Unfortunately, Pelosi’s openly feminist approach — as well as her disingenuous self-portrait of a housewife who just sort of stumbled upon political power (in fact, she was a canny operator who, over 23 years in Congress, carefully out-strategized the competition to ascend to the top of the party’s hierarchy) — allowed conservatives to caricature her all too easily. The attacks were vicious. A Republican National Committee campaign, “Fire Pelosi,” made careful, mocking use of her official title, “Madam Speaker.” When she criticized Gen. Stanley McChrystal for one of his many intemperate public comments about the administration’s Afghanistan strategy, ignoring chain of command, the Republican National Campaign Committee spokesperson said, “Taxpayers can only hope McChrystal is able to put her in her place”—barefoot and in the kitchen, presumably, far away from important matters of war and peace.
I never had any hostility towards Pelosi--why would I?--but I was long mystified at why people loved her so.
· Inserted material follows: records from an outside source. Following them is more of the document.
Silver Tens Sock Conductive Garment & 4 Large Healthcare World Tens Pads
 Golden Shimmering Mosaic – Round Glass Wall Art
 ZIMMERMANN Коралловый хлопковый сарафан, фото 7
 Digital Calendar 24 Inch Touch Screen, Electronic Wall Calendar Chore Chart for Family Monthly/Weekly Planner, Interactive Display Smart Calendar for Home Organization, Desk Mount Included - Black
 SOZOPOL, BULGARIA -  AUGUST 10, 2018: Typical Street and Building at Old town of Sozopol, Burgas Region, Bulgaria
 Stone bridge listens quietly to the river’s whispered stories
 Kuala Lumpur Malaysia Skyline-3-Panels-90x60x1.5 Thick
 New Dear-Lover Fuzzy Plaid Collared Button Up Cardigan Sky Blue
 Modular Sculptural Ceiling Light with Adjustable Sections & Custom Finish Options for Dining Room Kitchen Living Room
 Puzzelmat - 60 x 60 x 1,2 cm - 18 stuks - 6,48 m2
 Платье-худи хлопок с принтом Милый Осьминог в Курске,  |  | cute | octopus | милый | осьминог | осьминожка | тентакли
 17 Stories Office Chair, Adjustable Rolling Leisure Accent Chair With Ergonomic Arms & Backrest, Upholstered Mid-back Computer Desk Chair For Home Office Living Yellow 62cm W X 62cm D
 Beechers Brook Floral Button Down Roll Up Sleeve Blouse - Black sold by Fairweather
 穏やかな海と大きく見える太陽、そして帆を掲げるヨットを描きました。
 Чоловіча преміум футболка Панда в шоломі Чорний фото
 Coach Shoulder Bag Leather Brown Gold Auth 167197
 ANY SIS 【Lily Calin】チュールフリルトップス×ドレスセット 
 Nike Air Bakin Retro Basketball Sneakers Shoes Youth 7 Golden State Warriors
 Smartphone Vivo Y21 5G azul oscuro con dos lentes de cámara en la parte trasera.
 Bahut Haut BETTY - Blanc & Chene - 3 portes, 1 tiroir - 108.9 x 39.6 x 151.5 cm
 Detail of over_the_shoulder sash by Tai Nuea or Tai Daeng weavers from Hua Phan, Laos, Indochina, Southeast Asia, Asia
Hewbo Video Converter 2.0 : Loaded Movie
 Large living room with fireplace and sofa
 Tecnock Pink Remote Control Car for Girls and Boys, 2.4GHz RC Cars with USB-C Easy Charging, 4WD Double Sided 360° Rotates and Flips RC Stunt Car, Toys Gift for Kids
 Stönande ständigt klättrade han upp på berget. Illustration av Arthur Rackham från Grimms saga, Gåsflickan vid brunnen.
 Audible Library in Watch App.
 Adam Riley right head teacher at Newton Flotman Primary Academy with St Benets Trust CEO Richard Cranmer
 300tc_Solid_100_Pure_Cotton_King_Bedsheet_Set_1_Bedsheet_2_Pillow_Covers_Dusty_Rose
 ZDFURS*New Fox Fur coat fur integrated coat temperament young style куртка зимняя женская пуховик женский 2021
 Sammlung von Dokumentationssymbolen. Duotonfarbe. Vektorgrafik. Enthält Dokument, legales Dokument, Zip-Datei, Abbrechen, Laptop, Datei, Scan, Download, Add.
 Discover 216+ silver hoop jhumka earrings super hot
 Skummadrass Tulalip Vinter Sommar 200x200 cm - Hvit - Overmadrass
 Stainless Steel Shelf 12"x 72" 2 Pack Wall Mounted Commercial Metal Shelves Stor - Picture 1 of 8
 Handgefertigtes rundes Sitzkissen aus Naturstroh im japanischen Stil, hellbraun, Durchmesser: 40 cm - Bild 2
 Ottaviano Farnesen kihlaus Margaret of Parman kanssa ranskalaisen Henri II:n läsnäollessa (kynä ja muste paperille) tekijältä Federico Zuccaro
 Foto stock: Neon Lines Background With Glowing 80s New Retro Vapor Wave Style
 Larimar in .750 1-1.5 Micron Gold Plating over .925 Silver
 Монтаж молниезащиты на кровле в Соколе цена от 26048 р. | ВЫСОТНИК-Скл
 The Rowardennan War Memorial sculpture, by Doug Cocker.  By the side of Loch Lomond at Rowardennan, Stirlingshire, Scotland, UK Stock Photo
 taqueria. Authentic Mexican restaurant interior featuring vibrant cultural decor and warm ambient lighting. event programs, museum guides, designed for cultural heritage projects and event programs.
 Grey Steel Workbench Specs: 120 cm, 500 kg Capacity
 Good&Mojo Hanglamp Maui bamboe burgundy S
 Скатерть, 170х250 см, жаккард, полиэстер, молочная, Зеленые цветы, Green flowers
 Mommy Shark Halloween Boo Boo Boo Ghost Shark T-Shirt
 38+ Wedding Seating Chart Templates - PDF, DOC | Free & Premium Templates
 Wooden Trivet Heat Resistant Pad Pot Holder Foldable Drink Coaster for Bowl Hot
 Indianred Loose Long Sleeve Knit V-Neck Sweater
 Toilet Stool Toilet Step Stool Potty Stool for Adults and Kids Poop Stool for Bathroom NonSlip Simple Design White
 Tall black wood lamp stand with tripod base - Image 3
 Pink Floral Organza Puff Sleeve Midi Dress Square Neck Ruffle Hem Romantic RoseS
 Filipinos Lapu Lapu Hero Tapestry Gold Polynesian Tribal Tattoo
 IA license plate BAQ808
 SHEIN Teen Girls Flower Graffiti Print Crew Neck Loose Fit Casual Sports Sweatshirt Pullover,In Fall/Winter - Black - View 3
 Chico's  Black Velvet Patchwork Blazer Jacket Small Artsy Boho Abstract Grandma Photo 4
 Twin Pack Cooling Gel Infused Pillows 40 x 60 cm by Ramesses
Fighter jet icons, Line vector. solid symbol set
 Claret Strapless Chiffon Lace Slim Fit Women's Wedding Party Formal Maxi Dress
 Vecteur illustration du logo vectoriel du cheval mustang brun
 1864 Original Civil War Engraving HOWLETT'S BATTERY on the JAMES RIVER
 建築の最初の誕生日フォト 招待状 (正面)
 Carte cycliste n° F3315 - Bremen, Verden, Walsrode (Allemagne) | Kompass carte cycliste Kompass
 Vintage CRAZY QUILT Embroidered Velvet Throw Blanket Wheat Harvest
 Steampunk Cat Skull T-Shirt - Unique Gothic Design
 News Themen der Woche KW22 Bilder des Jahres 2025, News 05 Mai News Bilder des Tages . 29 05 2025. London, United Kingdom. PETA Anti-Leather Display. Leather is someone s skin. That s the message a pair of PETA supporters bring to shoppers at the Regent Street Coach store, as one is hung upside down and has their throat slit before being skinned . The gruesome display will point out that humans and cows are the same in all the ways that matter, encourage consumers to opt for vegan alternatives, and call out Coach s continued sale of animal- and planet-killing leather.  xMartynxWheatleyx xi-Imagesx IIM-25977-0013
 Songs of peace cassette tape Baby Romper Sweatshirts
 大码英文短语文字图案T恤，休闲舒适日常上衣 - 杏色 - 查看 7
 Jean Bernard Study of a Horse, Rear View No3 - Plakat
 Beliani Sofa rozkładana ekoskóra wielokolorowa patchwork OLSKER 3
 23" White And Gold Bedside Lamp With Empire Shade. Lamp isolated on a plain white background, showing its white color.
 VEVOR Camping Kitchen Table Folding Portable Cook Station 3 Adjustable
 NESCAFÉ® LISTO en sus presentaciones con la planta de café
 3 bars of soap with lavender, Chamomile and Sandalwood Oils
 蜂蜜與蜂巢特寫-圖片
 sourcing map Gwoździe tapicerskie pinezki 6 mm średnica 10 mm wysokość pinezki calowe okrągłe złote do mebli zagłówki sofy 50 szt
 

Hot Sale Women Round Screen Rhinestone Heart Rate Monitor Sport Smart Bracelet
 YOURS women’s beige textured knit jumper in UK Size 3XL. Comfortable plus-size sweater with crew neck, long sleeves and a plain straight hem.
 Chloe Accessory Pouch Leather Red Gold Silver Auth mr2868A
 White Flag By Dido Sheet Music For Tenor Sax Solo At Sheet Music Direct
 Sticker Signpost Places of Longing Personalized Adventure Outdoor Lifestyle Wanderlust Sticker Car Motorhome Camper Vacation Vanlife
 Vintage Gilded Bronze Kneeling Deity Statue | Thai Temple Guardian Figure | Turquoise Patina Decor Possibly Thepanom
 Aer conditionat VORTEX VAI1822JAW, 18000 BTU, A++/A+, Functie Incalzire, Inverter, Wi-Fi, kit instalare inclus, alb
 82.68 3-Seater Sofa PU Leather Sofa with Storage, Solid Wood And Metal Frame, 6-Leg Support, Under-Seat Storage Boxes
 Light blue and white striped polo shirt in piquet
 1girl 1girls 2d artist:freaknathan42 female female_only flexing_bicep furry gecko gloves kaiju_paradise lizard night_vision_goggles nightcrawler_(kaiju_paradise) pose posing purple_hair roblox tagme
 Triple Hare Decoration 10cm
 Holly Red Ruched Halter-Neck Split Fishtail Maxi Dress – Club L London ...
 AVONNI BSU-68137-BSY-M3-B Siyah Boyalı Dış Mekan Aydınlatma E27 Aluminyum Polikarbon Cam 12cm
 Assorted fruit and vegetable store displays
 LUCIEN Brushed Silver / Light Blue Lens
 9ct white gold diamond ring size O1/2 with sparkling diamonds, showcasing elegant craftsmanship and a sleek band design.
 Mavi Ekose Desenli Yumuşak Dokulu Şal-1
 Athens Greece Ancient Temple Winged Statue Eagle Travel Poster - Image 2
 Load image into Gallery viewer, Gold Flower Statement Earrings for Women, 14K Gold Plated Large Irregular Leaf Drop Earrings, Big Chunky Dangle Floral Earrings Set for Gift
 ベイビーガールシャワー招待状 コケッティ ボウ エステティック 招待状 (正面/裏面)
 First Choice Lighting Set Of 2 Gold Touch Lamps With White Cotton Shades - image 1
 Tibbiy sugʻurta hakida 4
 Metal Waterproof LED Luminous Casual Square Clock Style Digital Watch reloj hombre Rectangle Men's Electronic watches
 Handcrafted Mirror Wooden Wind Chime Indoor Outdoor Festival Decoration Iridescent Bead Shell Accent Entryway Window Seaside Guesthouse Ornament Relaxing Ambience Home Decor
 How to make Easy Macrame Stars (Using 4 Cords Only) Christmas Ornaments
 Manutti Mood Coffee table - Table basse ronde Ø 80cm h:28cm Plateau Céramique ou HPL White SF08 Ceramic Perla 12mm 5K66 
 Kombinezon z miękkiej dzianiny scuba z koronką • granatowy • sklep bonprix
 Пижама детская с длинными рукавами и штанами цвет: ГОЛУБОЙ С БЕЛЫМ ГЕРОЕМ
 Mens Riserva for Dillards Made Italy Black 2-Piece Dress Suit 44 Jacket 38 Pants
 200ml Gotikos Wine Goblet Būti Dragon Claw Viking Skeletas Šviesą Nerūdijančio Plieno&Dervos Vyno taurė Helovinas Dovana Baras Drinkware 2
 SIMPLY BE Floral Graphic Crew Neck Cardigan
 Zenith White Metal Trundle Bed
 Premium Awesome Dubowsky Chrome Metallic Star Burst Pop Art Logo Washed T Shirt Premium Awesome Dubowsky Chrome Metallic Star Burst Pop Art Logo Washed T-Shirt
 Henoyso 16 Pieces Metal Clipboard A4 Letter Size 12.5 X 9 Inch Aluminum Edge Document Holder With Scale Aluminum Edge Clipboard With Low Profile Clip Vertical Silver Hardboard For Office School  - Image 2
There was a snotty little arch-Democrat at my community college who absolutely revered her, talked about how wonderful she was, in my American Government class. This was in 06-07, the prelude and beginning of Pelosi's speakership, and this gay Las Vegas liberal was positively gaga for the San Fran Speaker.
I didn't get it, and continued not to until last winter's Health Care Reform wrangling. Pelosi was the only one of the Democratic leadership not to go ballistic in the wake of Scott Brown's victory in Massachusetts, and she went right on and tamed her liberal caucus to hold their nose again and vote for the flawed Senate bill.
It was around that time that I noticed how much other legislation she had gotten passed--financial regulation, Cap-and-Trade..... This was impressive too, but it was her steely resolve in seeing the troubled health care bill to completion that made me realize how effective a legislator she is.